Assigned task =>
Return nothing but the lines from the one with "Sidan Ledighetsansökningar visar" through the one with "1.56 CT Marquise" in the data below, word for word and without pictures.

Given entries =>
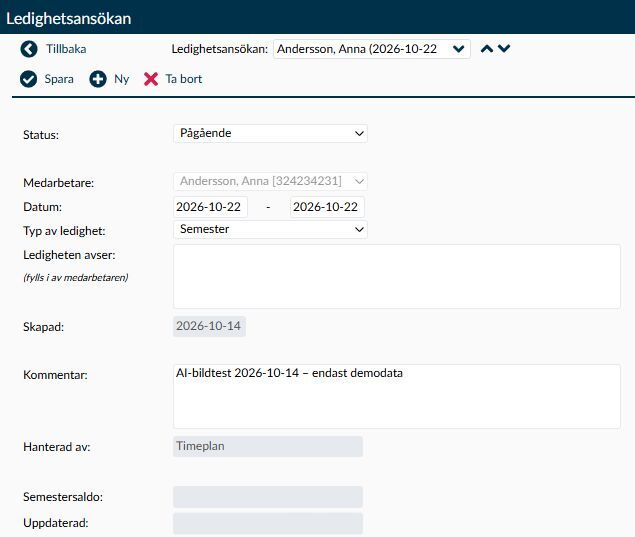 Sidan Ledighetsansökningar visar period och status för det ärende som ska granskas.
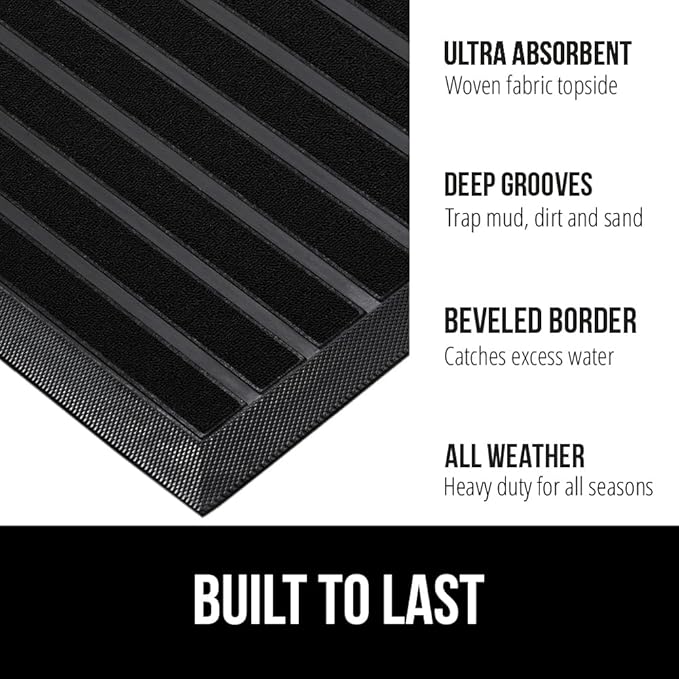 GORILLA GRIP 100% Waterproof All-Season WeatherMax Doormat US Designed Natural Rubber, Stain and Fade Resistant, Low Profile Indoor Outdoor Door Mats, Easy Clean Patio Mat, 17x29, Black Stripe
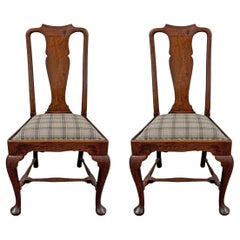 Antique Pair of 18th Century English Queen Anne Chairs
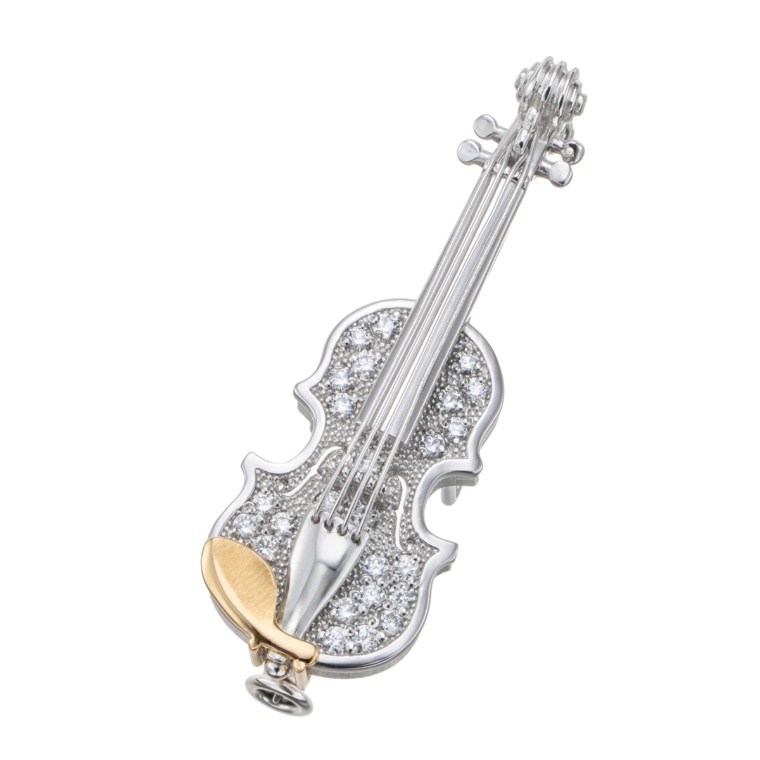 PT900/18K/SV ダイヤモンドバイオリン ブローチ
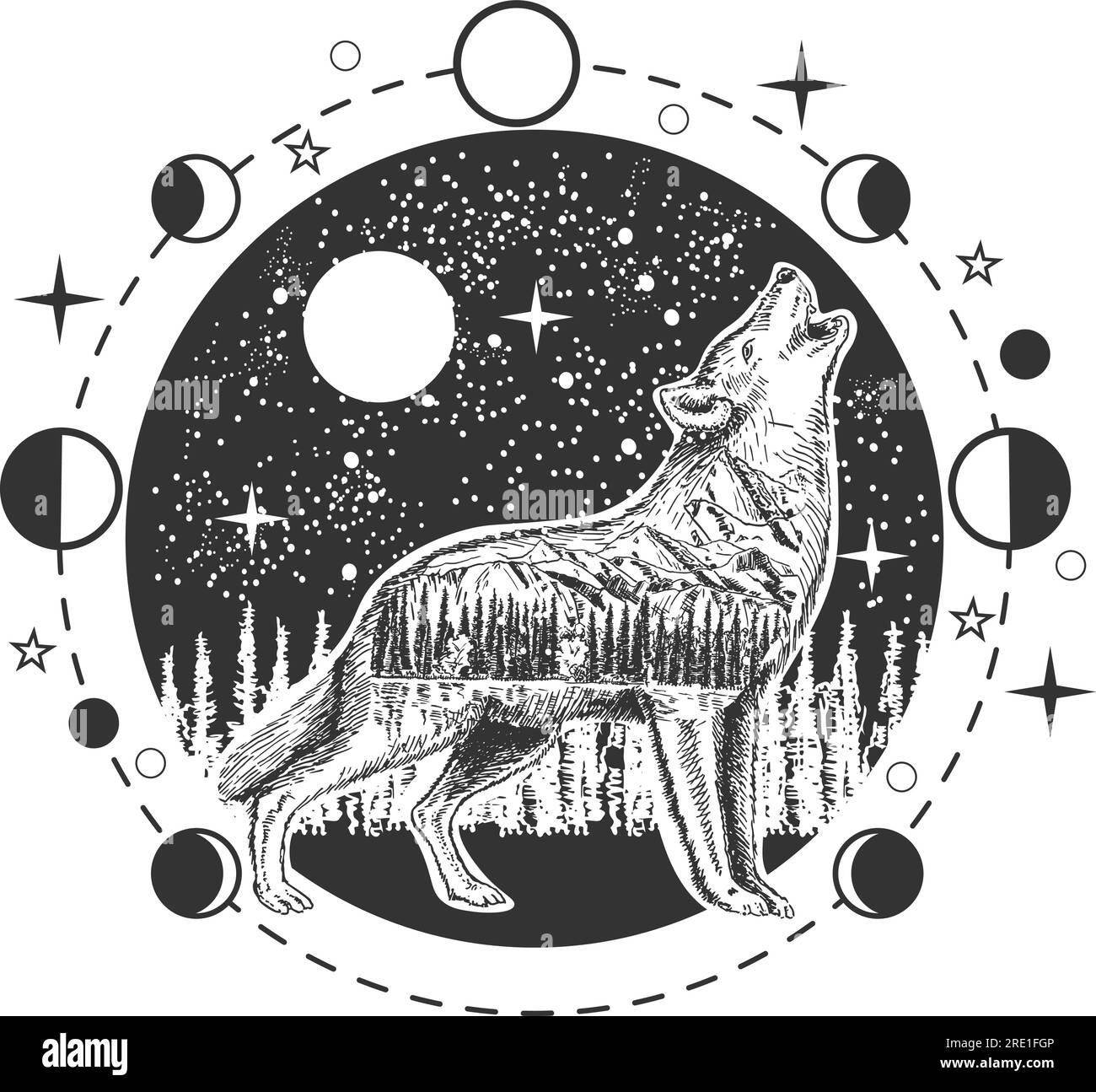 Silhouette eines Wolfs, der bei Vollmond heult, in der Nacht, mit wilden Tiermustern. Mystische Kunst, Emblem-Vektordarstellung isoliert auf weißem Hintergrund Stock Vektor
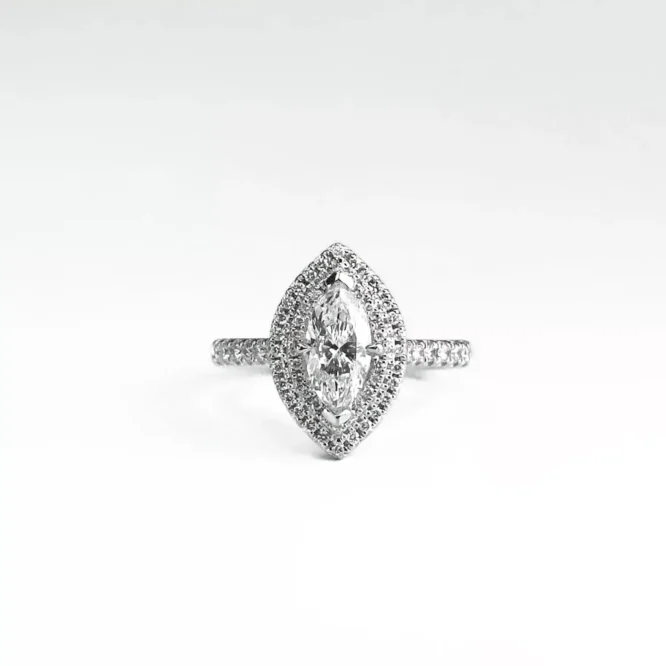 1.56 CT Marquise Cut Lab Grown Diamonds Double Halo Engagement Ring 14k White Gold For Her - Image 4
---
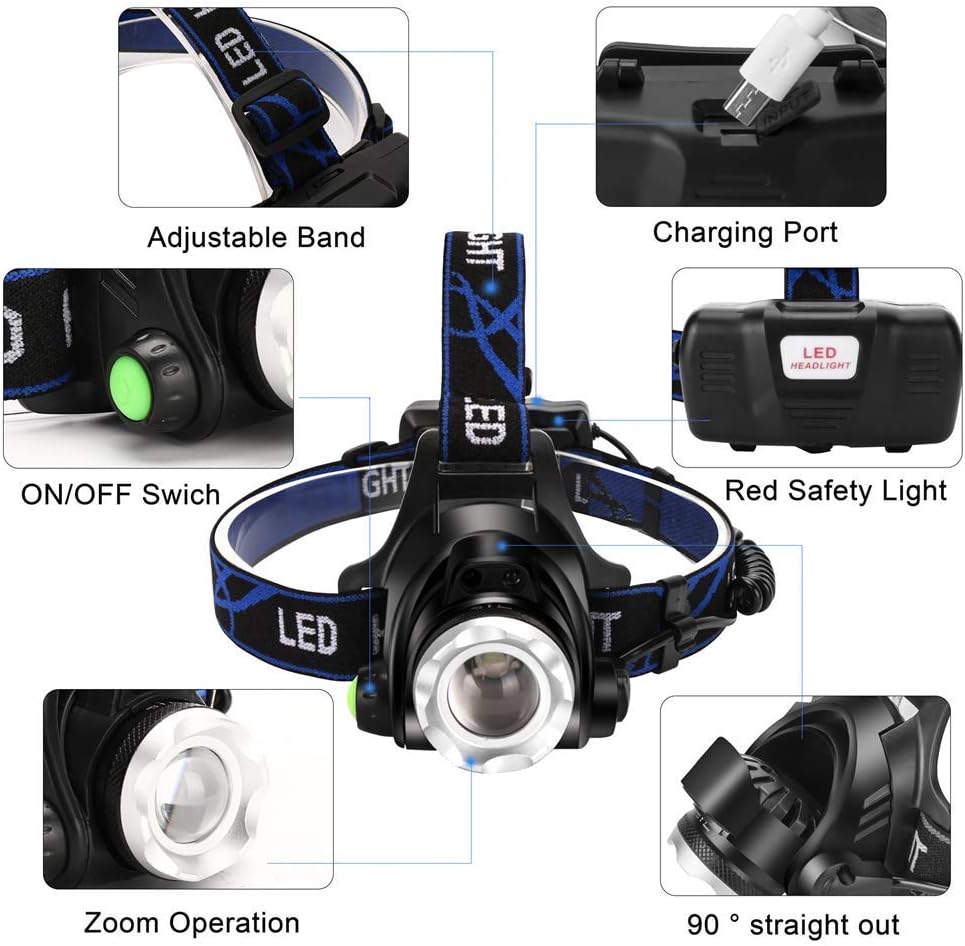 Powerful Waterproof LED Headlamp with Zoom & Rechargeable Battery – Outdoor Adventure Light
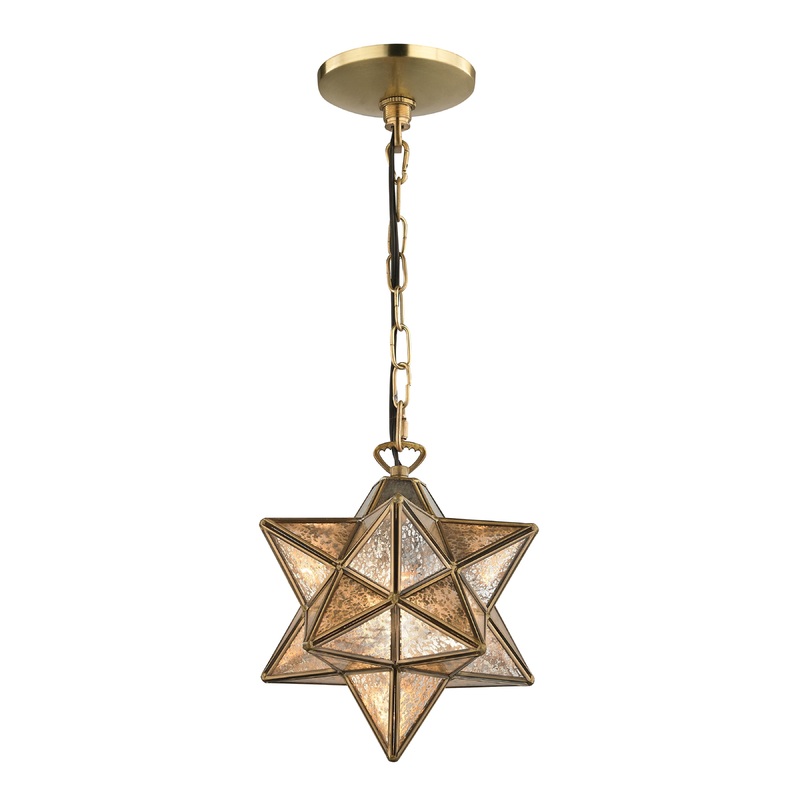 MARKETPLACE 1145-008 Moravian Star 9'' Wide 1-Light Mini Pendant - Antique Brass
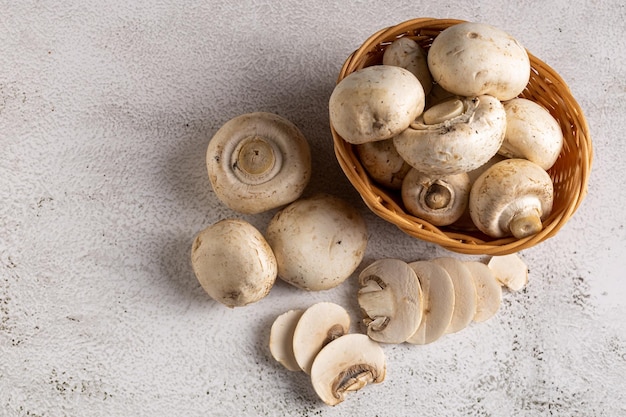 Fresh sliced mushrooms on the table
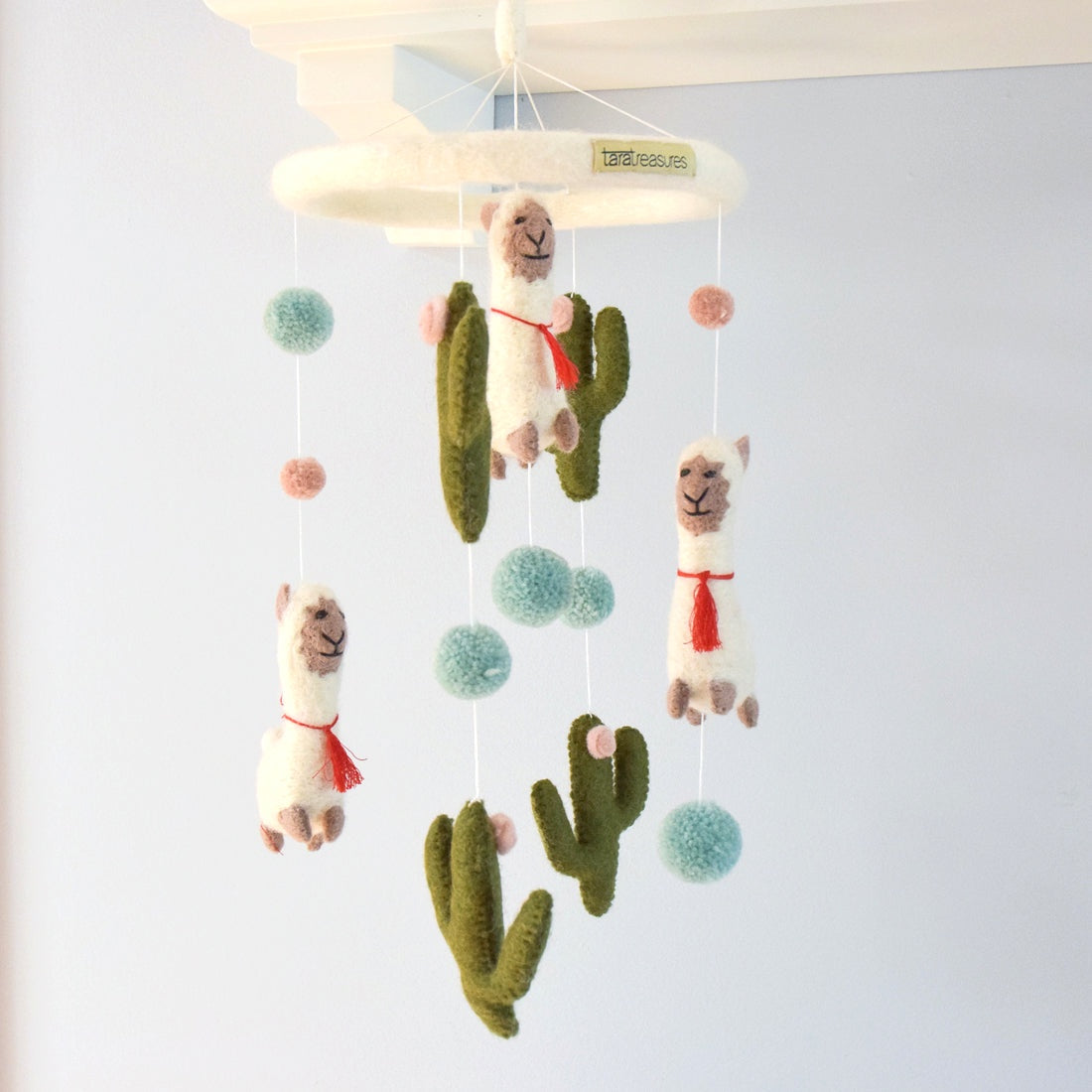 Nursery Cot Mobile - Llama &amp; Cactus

Task response =>
 Sidan Ledighetsansökningar visar period och status för det ärende som ska granskas.
 GORILLA GRIP 100% Waterproof All-Season WeatherMax Doormat US Designed Natural Rubber, Stain and Fade Resistant, Low Profile Indoor Outdoor Door Mats, Easy Clean Patio Mat, 17x29, Black Stripe
 Antique Pair of 18th Century English Queen Anne Chairs
 PT900/18K/SV ダイヤモンドバイオリン ブローチ
 Silhouette eines Wolfs, der bei Vollmond heult, in der Nacht, mit wilden Tiermustern. Mystische Kunst, Emblem-Vektordarstellung isoliert auf weißem Hintergrund Stock Vektor
 1.56 CT Marquise Cut Lab Grown Diamonds Double Halo Engagement Ring 14k White Gold For Her - Image 4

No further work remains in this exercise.